Required action :: From the line with "Slowly pull the" through the line with "Hello there. In", repeat the entries verbatim, both end lines included, and add nothing.

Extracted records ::
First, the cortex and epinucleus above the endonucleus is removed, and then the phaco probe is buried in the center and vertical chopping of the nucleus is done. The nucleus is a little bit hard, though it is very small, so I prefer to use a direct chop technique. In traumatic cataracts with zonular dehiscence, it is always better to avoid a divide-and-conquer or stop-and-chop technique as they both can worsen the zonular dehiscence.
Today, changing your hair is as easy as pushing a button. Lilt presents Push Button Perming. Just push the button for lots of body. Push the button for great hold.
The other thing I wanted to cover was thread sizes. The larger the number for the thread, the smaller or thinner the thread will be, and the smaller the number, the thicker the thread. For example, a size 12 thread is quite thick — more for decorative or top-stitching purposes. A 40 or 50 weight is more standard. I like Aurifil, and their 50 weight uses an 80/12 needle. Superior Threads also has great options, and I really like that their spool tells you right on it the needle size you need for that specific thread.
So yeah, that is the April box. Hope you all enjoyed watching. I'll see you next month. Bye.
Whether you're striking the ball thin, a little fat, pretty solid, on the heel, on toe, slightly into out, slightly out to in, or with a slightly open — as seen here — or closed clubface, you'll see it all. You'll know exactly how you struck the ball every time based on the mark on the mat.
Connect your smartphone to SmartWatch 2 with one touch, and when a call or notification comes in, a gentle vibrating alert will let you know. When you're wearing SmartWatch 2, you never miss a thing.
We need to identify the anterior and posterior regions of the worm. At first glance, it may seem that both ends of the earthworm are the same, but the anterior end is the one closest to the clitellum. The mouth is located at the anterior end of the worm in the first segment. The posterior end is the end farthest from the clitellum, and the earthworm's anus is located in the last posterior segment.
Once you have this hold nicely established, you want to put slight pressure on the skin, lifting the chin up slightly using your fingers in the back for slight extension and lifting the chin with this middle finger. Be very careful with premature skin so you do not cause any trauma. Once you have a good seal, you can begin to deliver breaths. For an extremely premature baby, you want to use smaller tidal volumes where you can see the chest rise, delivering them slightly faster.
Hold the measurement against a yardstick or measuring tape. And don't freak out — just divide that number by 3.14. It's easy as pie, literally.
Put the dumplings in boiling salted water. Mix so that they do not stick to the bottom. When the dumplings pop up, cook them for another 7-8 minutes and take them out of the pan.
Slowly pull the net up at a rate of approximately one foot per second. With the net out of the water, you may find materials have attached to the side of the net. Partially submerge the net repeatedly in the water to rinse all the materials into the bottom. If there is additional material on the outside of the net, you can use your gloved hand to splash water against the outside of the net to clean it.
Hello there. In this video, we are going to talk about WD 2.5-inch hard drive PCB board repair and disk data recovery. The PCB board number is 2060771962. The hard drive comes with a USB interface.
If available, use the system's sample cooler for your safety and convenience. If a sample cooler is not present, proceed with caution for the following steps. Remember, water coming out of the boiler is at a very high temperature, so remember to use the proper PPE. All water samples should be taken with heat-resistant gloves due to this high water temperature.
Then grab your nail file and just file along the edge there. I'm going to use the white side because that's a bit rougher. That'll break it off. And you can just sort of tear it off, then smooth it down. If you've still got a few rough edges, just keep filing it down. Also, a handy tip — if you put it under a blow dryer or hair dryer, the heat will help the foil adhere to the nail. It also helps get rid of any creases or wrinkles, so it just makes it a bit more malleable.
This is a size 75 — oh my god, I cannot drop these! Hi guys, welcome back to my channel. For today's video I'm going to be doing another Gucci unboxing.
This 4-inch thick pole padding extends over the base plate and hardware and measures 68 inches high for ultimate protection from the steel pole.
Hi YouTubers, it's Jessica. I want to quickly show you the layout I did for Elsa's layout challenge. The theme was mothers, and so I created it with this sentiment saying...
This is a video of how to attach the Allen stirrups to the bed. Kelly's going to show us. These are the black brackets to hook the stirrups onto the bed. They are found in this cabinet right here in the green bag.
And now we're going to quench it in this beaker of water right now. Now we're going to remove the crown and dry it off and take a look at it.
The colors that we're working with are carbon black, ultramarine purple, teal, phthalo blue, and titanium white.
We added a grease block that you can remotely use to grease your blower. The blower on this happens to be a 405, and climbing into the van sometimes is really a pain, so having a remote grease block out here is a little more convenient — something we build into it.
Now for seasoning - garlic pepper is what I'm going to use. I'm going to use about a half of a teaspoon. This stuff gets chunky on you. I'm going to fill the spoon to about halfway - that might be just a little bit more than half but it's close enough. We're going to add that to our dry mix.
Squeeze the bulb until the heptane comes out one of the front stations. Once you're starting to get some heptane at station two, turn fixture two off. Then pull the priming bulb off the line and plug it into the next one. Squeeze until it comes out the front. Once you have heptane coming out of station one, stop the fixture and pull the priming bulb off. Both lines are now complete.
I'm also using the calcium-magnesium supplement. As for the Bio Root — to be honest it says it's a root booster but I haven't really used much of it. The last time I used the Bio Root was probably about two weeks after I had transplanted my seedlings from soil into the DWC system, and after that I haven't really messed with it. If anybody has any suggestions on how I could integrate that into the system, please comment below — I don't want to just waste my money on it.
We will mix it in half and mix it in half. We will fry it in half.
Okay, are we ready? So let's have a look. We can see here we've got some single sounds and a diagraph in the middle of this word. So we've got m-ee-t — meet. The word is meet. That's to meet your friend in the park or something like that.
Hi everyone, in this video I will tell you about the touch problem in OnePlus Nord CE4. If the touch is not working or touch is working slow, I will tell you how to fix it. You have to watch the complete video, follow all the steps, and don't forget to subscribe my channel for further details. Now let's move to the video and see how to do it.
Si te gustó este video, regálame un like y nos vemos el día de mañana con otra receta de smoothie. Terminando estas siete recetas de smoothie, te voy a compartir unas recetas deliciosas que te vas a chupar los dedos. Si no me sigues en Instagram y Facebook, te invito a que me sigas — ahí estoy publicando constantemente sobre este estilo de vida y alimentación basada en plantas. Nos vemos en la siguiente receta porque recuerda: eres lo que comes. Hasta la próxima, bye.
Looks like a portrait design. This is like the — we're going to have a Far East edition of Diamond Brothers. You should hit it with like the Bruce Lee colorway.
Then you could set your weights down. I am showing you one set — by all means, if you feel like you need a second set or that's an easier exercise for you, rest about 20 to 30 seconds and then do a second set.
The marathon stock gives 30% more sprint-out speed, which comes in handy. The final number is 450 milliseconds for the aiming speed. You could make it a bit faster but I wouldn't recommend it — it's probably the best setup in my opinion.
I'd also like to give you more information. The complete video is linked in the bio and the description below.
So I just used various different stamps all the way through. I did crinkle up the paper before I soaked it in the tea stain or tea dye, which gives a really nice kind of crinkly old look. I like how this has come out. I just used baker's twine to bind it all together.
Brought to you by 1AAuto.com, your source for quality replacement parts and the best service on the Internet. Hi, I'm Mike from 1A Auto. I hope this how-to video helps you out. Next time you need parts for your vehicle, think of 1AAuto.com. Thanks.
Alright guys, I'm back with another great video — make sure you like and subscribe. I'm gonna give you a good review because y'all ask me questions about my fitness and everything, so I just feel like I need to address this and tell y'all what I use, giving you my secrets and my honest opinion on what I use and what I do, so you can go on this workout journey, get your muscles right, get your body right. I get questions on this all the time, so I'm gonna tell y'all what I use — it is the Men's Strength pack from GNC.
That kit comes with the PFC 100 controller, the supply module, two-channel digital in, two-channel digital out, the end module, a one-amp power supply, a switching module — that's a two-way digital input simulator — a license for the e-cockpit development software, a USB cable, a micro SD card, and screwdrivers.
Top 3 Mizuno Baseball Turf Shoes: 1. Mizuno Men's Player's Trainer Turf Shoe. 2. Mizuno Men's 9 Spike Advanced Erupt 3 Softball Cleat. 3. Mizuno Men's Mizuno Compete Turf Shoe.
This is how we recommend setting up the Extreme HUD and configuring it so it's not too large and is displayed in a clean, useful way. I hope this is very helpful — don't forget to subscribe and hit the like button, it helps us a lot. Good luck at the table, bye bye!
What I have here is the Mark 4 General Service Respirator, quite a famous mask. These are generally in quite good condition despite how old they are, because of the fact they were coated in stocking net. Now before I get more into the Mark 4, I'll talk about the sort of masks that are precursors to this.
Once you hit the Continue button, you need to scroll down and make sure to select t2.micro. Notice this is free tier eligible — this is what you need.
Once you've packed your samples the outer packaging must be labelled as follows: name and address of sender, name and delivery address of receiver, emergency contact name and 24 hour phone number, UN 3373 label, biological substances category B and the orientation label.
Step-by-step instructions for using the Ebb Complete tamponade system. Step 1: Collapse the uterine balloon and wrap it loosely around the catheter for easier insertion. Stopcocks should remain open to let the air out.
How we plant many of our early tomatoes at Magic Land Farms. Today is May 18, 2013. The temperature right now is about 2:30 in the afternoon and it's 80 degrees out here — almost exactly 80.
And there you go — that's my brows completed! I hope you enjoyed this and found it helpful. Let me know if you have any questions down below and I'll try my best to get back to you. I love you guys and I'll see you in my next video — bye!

Written solution ::
Slowly pull the net up at a rate of approximately one foot per second. With the net out of the water, you may find materials have attached to the side of the net. Partially submerge the net repeatedly in the water to rinse all the materials into the bottom. If there is additional material on the outside of the net, you can use your gloved hand to splash water against the outside of the net to clean it.
Hello there. In this video, we are going to talk about WD 2.5-inch hard drive PCB board repair and disk data recovery. The PCB board number is 2060771962. The hard drive comes with a USB interface.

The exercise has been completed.